Majella is the queen of coping; she has developed a system of avoiding eye contact, she gladly relies on years-long joke exchanges orchestrated by her customers and coworkers, and she is clear about people explaining idioms and small-town customs to her as a needed relief. She is also coping with the world around her; her uncle “died for the cause”, her IRA-adjacent father disappeared years ago, her mother is lost in a haze of whiskey, and her beloved grandmother has recently been beaten to death.
It isn’t all bombings, beatings, and blackouts- I promise! Majella is a woman surrounded by the ever-present reminders of The Troubles, but she is a woman with a routine of contentment and comfort. The things that she finds comforting may not feel familiar or comforting to her peers or the reader, but Majella is at peace with her place in life. Sure, her drunken mother is bellowing at the bottom of the stairs, but Majella has her comfy duvet, a DVD box-set of Dallas, and a free nightly dinner that comes home with her after her shift at the chip shop.

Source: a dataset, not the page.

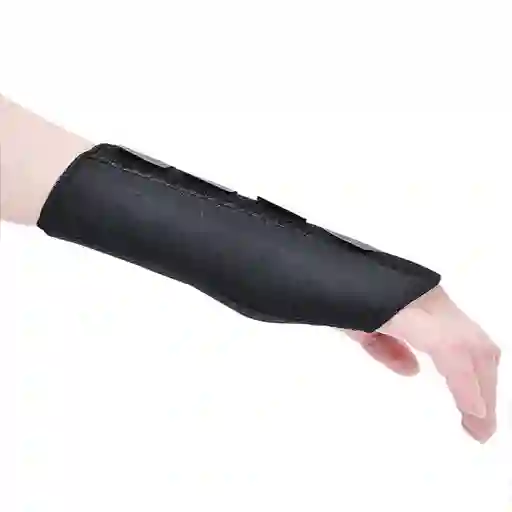 Bra de Muñeca Universal Izquierdo 18481nm Kamex Negro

I need to know more. More about Majella, our narrator and list-maker, but more about Michelle Gallen in general! Her author bio mentions recovering from a debilitating brain injury in her twenties (same girl, same). Gallen describes herself as “non-neurotypical” (quotes for using her exact wording- NOT far casting doubt!) in regards to both the injury and to her overall makeup, and Majella makes great use of self-soothing rituals like rocking and flicking her fingers. In reviews, write-ups, and interviews I have found Gallen, interviewers, and reporters explicitly labeling Majella as autistic, but the term never arrives in or around the book. It’s easy to identify with Majella if her routines and needs feel familiar to you, but I am curious as to what a reader who has not experienced or witnessed these needs, ideas, and behaviors would think of Majella. I love seeing a story with an autistic main character that is not focused on autism and autism alone, but I wish it was bit easier for others to pick up this book and learn a bit more about Majella without having to don a detective’s cap.

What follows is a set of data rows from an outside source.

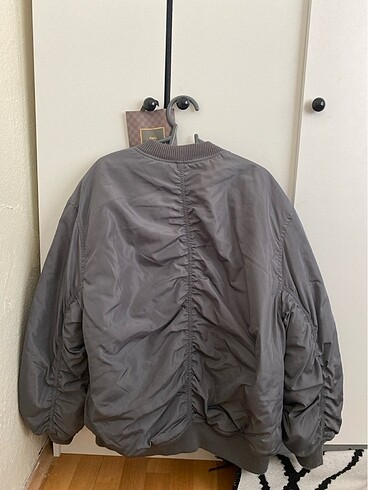 m Beden H&M bomber mont, ceket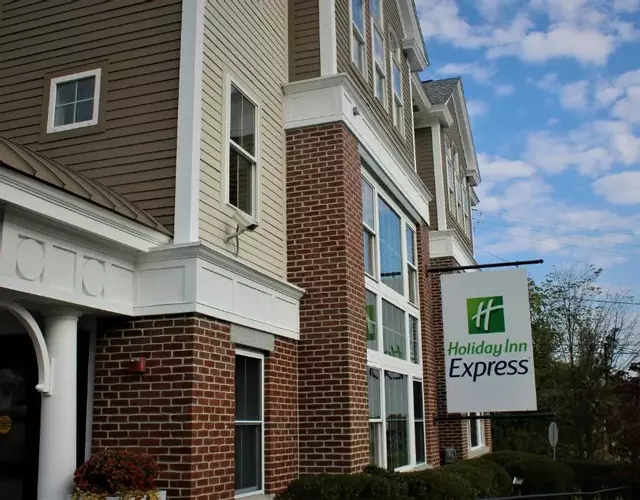 Holiday Inn Express Durham-UNH by IHG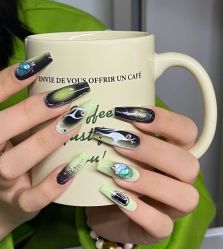 -斯馨·健康美甲美睫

When I first sat down to type this review, I was sitting solidly in the “Three Star” camp. The more time I spend reading about Gallen, and the more thought I give to Majella’s experiences, the more I feel for both women and the more I appreciate this book. I think this book suffers from a bit of false advertising; the cover and reviews alike shout about comparisons to the (excellent) TV show Derry Girls, but the overall tone does not match that show at all. They both take place in Northern Ireland, they both have female protagonists, they both are still under the shadow of The Troubles, but similar outsides do not equal similar insides!
Majella is a woman with a routine, and I respect that. She works, she endures, she ignores, but she also enjoys, savors, and-in her own words- fucks. Majella knows who she is and what she wants. The rest of town can either see her as she is or stay the hell out of her way.